Funding for 9/11 Memorials
Funding for 9/11 Memorials
I was curious as to who funded the 9/11 Memorials so I embarked upon a research project. The three sites have very special needs and of course with those needs come required funds. I only researched the builds on the memorials, not the rebuilding of buildings. Of course the monumental damage done to the 16 square acres in NY was the most devastating in both lives and structural damage. The Pentagon was next on the list with catastrophic building damage. Lastly the Shanksville, Pennsylvania crash site. I will give you every bit of funding I could discover from all three sites.
New York, Ground Zero
This was the most emotionally charged site of all. Early emotion decisions finally gave way to more logical ideas on how best to utilize the sixteen acres destroyed in the two plane crashes. Originally $500 was designated for the Memorials at ground zero, but that figure was later downgraded to $300 million.
A foundation was set up controlled by a 36 member board to not only do fundraising but to make decisions on the final usage of the site. Many hours were spent hearing from victim’s families on their personal ideas as to the design of any and all Memorials.
Gov. Pataki designated $80 million of his 2006-07 executive state budget to the building of to the building of some sort of Memorial to be decided on at a later date. Congress also earmarked $2.78 million to the project. The Department of the Interior has designated the 8 acres of the Memorial as a Nation Park. It has been suggested but not mandated that entry to the Museum area will request a $20 donation for continued funding and maintenance. Victim’s families will never be charged any admission costs for passage to the Museum. Outside entry will always be free. Additional funding for the site has been started by the U.S. Mint in the form of a memorial coin which hopes to raise an additional $20 million to the pot. Of course private donations are the lesser amount and continue to trickle in.
Mayor Bloomberg has offered a personal donation for an unspecified amount.

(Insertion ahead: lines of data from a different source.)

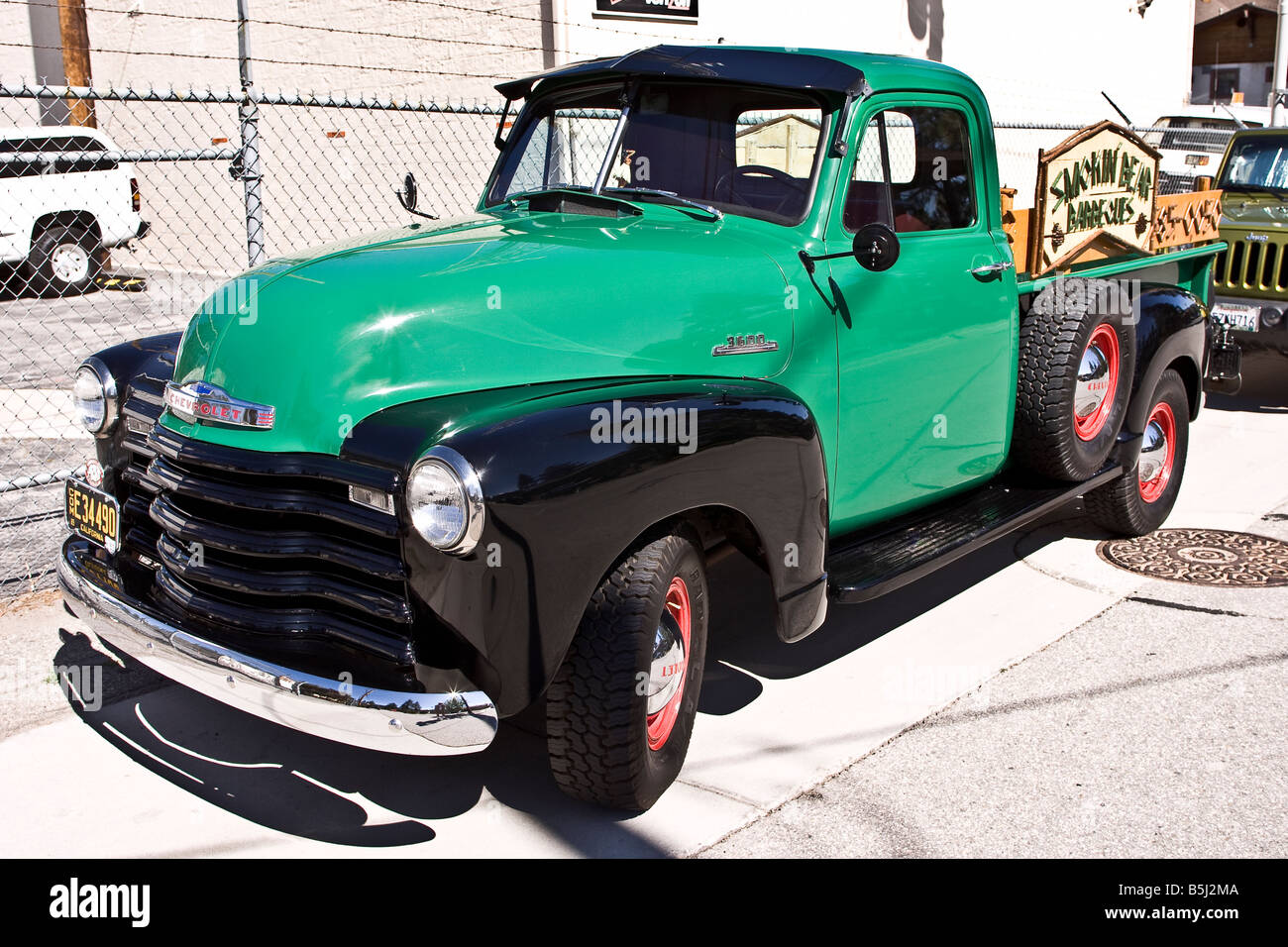 Vecchio verde e nero Chevrolet pick up truck Foto Stock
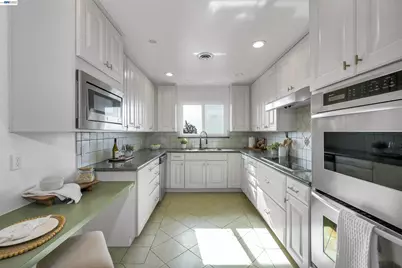 18286 Center St, Castro Valley, CA 94546 - Photo 15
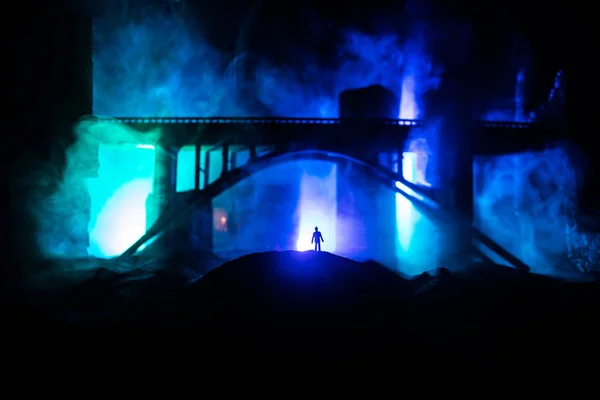 都市の黙示録的遺跡 災害効果 夜のシーン 戦争で破壊された都市破壊された超高層ビル 男と放棄された橋とのアートワークの装飾 — ストック写真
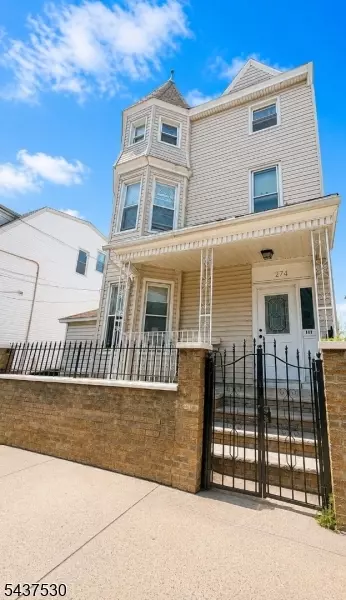 272 274 Parker St, Newark, NJ 07104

Additional funds for future upkeep and maintenance has been suggested in Congress for the amount of $20 million yearly for staffing and upkeep, however some estimate that the staggering figure will be closer to $55 to $60 million.
Figures for this Memorial were somewhat harder to get. Because this was basically a military building, the rebuild had to be of the utmost importance to return it to functional mode. The rebuild of the Pentagon was done the fastest and the Memorial although primarily confined to the outside area has made some small concessions to inside the building Memorials. The original budget for Memorials was a conservative $32 million compared to the other sites. The actual cost of phase one was $22 million with an additional $10 million for extension into phase 2 and initial planning. The Pentagon has declared all money for this project was from donations. Some claim that almost all those donations came from Defense Dept. contractors. One donation came from Taiwan in the amount of $1 million. The Pentagon was the first site to not only reopen the building from crash damage but to dedicate its Memorial in 2008. It was announced on September 9, 2011 that phase two will start shortly and a fund drive will be $3 to $4 million to plan for the Visitor Education Center to be built somewhere close to the crash site.
Shanksville, PA Crash of Flight 93
Shanksville, PA is known for its remote location, and therefore creates another special challenge for funding. Once a strip mining area now turned into another Federal Park to the tune of 2200 acres. The Memorial property once owned by a strip mining operation has been acquired and added to by private surrounding properties. Some property was purchased and some was acquired by eminent domain as a buffer zone. Figures for the Memorial do not include property acquisition. The figures for the Memorial were equally hard to obtain. The initial budget was $62 million so far $19 million in private donations and $32 million in state and federal funds have been used. Although the total budget is dwarfed by say New York’s Memorial fund (New York State’s governor’s participation would have paid for the entire Shanksville Project,) the Flight 93 memorial still lags behind by $10 million for completion.
There you have it patriots, the numbers I could find just in case you were curious like me!